Hi everyone,
I am still somewhat new to haproxy, so I maybe missing a few bits and
pieces here. If so, don't hesitate to educate me :)
First of all, we are using HAProxy here at SoundCloud, so a big thanks
to everyone who invested time in this wonderful project!
We are very keen on using SSL termination with HAProxy, so we have been
running the 1.5-dev builds on non-critical infrastructure. We kept
running into one problem though. Sorry for this rather long description,
put reproduction is kind of difficult, so I want to mention everything
that might be related.
We use "nbproc 12". To restart HAProxy, we send USR1 to the worker
processes. Usually, as expected, they stop accepting connections, shut
down once all connections are terminated, then the parent process
terminates and gets restarted by the systemd-wrapper (I am aware we
could/should send USR2 to the systemd-wrapper, but I think the use case
is still valid).
If haproxy has been running for a certain amount of time (this part
makes reproduction cumbersome), we quite often run into the following
issue when restarting haproxy: if some of the workers have active
connections that they must wait for to be terminated, a fraction of
those would start hogging CPU like crazy. Attaching a debugger showed
that epoll_wait() would immediately return with events that they did not
process because they had already closed the file descriptor (and thus
owner == 0x0). This led me to the epoll(7) man page [1], which in its
Q&A section states for Q6 that just closing a fd may not be sufficient
if the inode referred to by that fd is still open in another process,
which is the case when you fork() with open fds like haproxy does.

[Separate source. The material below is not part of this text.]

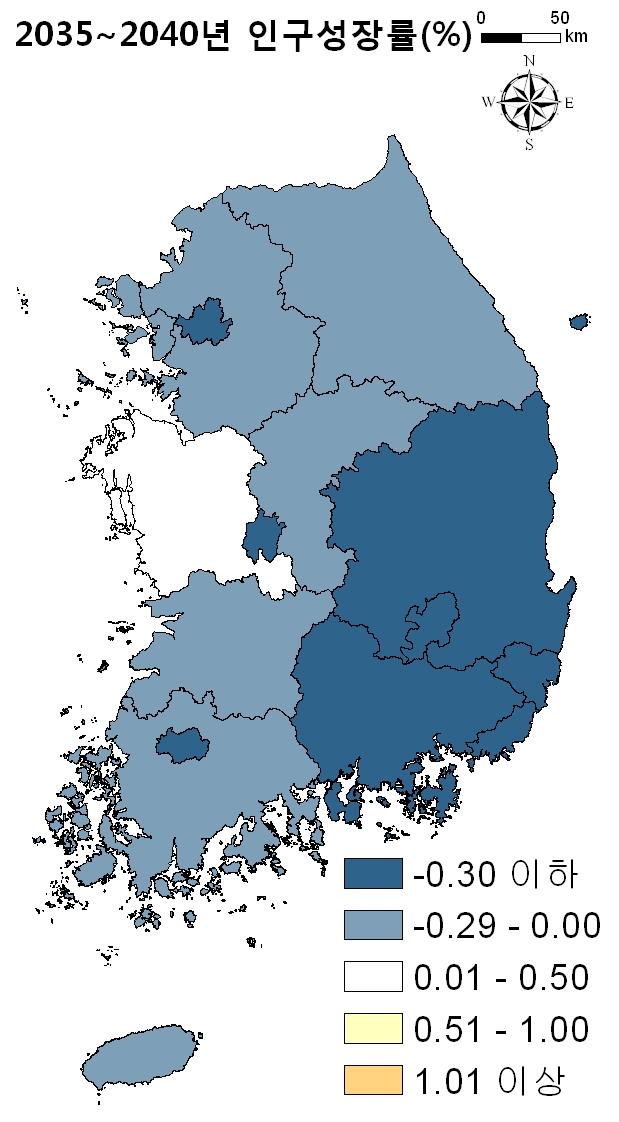 그림 1 은통계청에서추계한시도별인구 성장률인데, 이미 2020 년이되면비수도권대부분은물론서울과인천도제로성장에돌입한다.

The scenario I constructed from this information (and here I am still
missing some knowledge) is that if a processes has a connection going on
when the signal hits, it can happen that it closes a file descriptor
that it doesn't have any connections on but then, while polling for
events on the remaining connection, receives events for the closed fd
because that one is still open in another process. Sorry for this being
kind of vague, but I am still trying to understand the relevant code paths.
However, based on the above assumption, I came up with the attached
patch as a remedy. Basically it just implements the poller.clo(fd)
handler for epoll, which is already implemented for other pollers. I
can't say with certainty, but while we had bug hit rate of at least 80%
before, I have not been able to trigger the bug in 5 attempts with the
patch applied, so I currently think it actually works.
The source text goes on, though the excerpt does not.